The R.A.G. Files: Shat Roberts Predicts 2007 Terrorist Plot From God

Thursday, January 04, 2007

Shat Roberts Predicts 2007 Terrorist Plot From God

VIRGINIA. As famous TV Evangilist Shat Roberts sat soaking in his 5 yard jacuzzi, sipping Jesus Juice, and reading "How to Create Your Own Holy Crusade for Fun and Profit", the heavens opened up and the Lord spoke...
"SHAT!" thundered the Lord, "GET THINE LAZY ARSE FROM OUT OF THAT HOT TUB AND COME HITHER SO THAT I MAY TELL YOU WHAT WILL HAPPEN IN THE NEXT YEAR!"
After his conference with the almighty, Shat held a press conference from the balcony of his large estate which overlooks his Shat Roberts Bible College.
"People of Earth!" Shat shouted, "The Lord has spoken to me with tongues of fire.
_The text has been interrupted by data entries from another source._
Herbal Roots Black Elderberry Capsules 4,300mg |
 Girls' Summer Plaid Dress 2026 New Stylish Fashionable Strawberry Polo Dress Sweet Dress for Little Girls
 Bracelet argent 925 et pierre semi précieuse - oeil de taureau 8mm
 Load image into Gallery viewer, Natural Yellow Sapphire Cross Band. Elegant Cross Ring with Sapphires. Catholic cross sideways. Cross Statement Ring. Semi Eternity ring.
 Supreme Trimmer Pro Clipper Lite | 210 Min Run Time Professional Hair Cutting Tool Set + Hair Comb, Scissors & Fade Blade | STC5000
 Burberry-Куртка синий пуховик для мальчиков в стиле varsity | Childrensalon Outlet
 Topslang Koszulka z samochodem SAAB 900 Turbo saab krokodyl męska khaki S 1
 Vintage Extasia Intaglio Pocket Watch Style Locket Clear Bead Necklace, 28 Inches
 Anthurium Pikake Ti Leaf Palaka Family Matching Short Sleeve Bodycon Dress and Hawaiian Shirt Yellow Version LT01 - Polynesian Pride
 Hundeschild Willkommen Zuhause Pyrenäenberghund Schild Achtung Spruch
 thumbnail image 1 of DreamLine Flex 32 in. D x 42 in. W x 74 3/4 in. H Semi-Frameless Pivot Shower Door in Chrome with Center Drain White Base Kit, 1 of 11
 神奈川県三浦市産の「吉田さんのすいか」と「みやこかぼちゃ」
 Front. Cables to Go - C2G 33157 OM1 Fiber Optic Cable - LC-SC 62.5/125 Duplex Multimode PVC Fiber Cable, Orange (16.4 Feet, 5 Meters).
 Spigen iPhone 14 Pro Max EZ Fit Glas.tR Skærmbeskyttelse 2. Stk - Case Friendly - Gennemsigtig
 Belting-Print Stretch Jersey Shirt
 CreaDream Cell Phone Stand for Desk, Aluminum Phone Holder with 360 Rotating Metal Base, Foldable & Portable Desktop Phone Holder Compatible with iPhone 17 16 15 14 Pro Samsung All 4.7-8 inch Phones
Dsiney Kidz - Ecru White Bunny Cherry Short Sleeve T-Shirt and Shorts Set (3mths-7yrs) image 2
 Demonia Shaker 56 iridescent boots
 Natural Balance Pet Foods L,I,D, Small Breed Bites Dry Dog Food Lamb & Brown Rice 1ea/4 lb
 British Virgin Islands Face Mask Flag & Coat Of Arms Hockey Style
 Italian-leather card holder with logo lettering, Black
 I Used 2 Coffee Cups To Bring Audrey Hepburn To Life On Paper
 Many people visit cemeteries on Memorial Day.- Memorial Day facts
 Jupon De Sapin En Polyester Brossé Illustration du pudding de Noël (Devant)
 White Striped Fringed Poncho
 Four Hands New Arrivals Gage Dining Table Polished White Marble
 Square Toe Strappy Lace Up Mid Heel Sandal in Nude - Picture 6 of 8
He does not bring me a message of hope but of death!! On American soil!! From Terrorists!! Come to Him now people! Give the Lord your credit cards and savings accounts, and you shall be saved from the heathen plot in 2007!!"
Leading a group of new eccstatic follwers, Shat marched them into his University for reprogramming singing "Onward Christian Sooooo-oh-jurrrss!"